By Annie Ellison
Published: Dec 14, 2013
The Squamish Weight Watchers group has called it quits until they can find a new leader.
Four-year leader Heidi Stokes is leaving town and she says no one in the 25-30 member group has stepped up and volunteered to take on the position.
Furthermore, the organization won’t pay travel time for a leader from North Vancouver or Bowen Island to run the meetings.
Becoming an official Weight Watchers leader requires a specific set of accomplishments.
“To work for Weight Watchers, you need to be a lifetime member still at your goal weight,” said Stokes.
The weight management system is fifty years old. Members pay a fee to join and attend weekly meetings, where they use a points system to control portions.
The Squamish group has disbanded several times since Stokes joined 14 years ago.
“I’ve been asking over and over for people to step up to the plate, but nobody ever wanted to do it,” she said.
Stokes works full time as a personal trainer. She says leaders must be at their goal weight to show the program works.
Weight Watchers net earnings are down in recent years, as is its membership. Stokes says when she first became leader of the Squamish group there were 75 members.
Some members of the now defunct group have been carpooling to meetings in North Vancouver once a week. However, this couldn’t come at a worse time, as holiday party season kicks off, said Stokes.
“There’s food everywhere,” said Stokes. “It’s more likely people will lose track and fall off the rails,” she said.
Even in the outdoor recreation capital of Canada, not everyone exercises, says Stokes.
Getting together once a week is tantamount to succeeding with weight loss, she said.
Sharing recipes, stories and temptations for half an hour helps people be accountable to each other.
So why then, don’t people who want to lose weight in a supporting environment just get together once a week and call it something else?
Personal trainer and ZenFit gym owner Mischell Poitras says that’s exactly what they should do.
“I think Weight Watchers is a good program for people who need that kind of support,” she said. It works because it’s accountable.

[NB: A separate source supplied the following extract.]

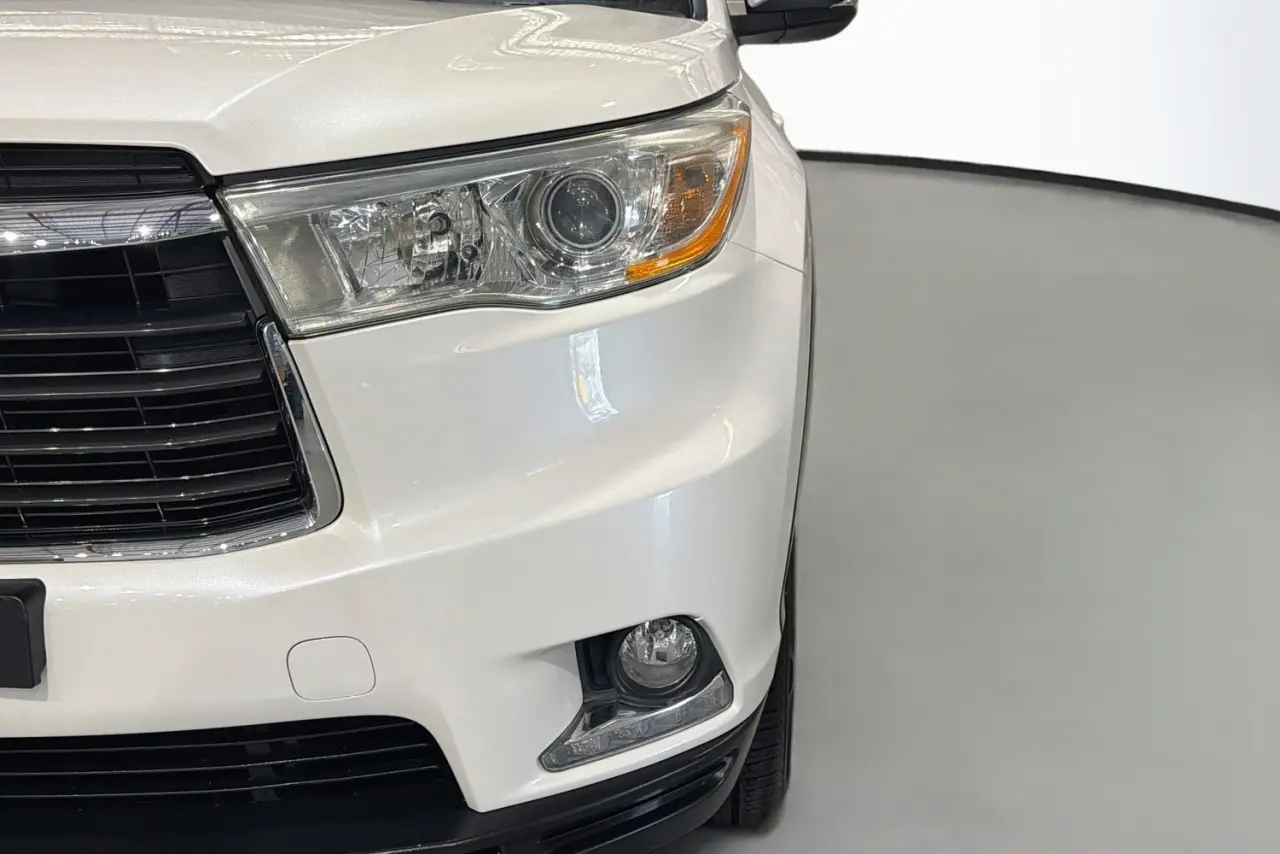2016 Toyota Kluger Gallery Image 3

“I think the biggest struggle is finding enough people in a town of only 17,000 people or so.
And no, not everyone is out climbing or hiking their calories off, she said.
“Overall, I think we have a fairly fit community, but that doesn’t make Weight Watchers redundant,” she said.
People go to Poitras’ studio because they don’t have time to go for a two hour hike.
Poitras says especially with a commuter lifestyle, portion-control methods like Weight Watchers are important.
“Sure, you can get up at five and work out, but it’s less likely,” she said.
Weight Watchers struggles to find leaders in many small towns across Canada, as it doesn’t want to lower leadership requirements.